[Data extract]
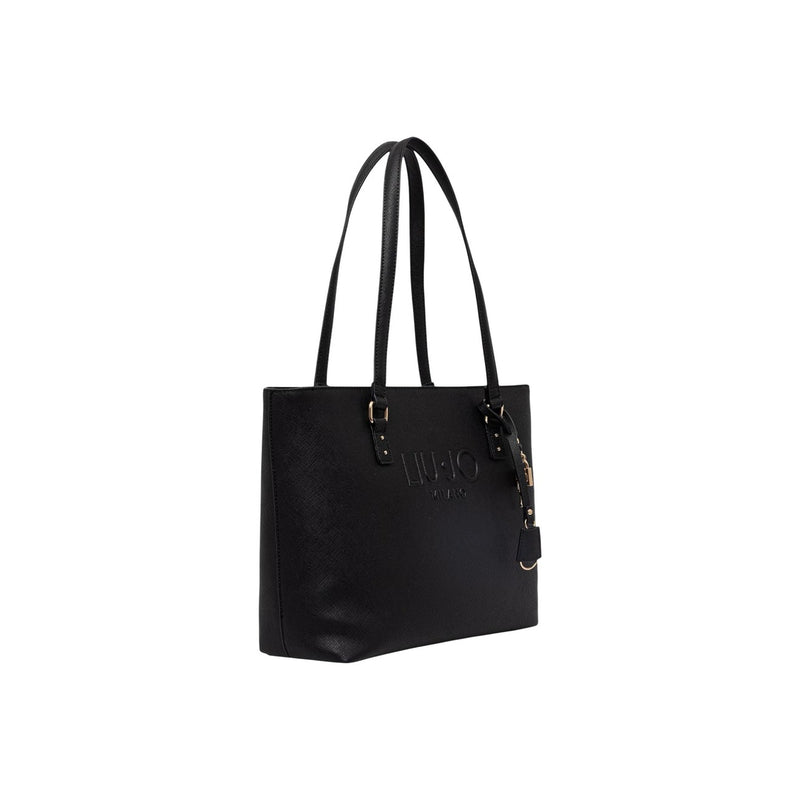 Liu Jo Black Polyurethane Handbag with Inside Pocket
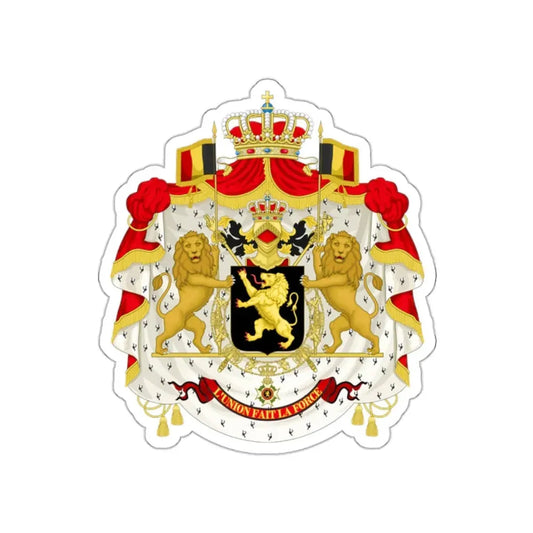 Middle coat of arms of Belgium STICKER Vinyl Die-Cut Decal 2 Inch - The Sticker Space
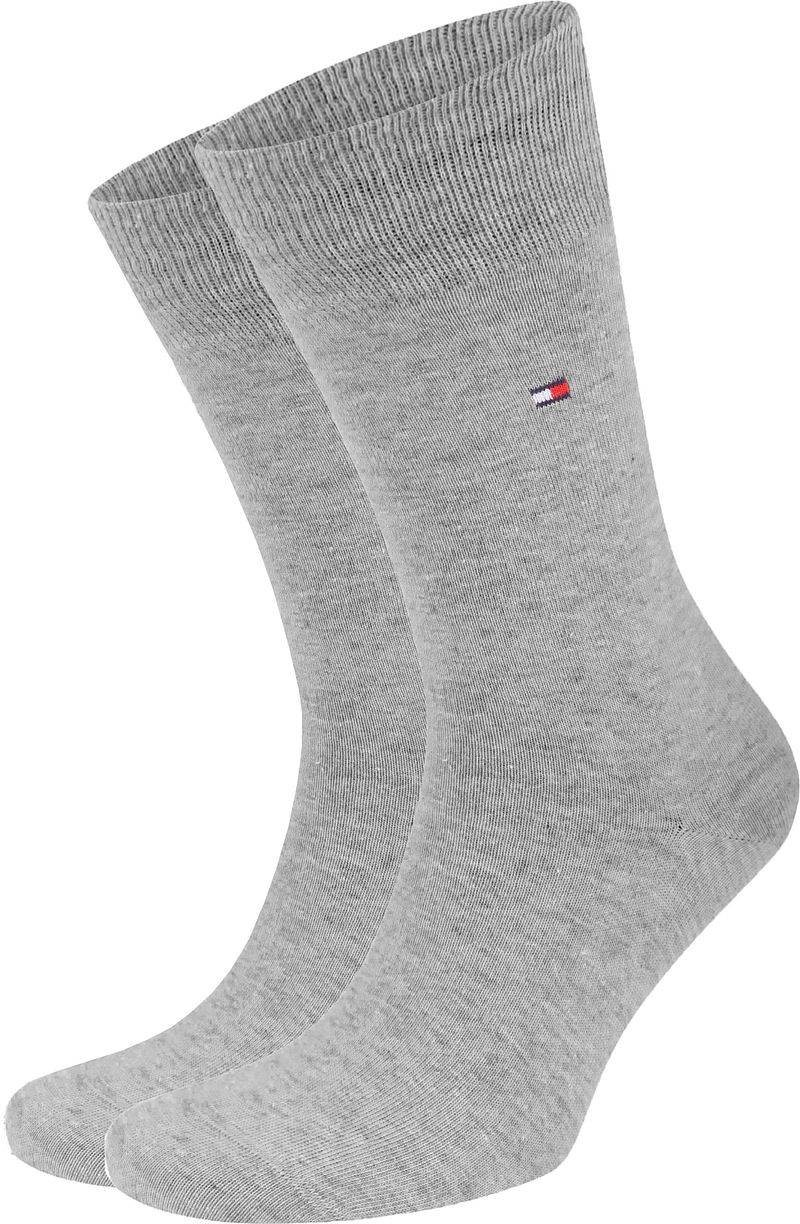 Tommy Hilfiger Classic 2-Pack Socken Grau - Größe 39-42 von Tommy Hilfiger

[Work to complete] Your task is to copy word for word the lines from the line containing "Middle coat of" to the end of the listing, both included, and to drop any pictures.

[Answer space]
 Middle coat of arms of Belgium STICKER Vinyl Die-Cut Decal 2 Inch - The Sticker Space
 Tommy Hilfiger Classic 2-Pack Socken Grau - Größe 39-42 von Tommy Hilfiger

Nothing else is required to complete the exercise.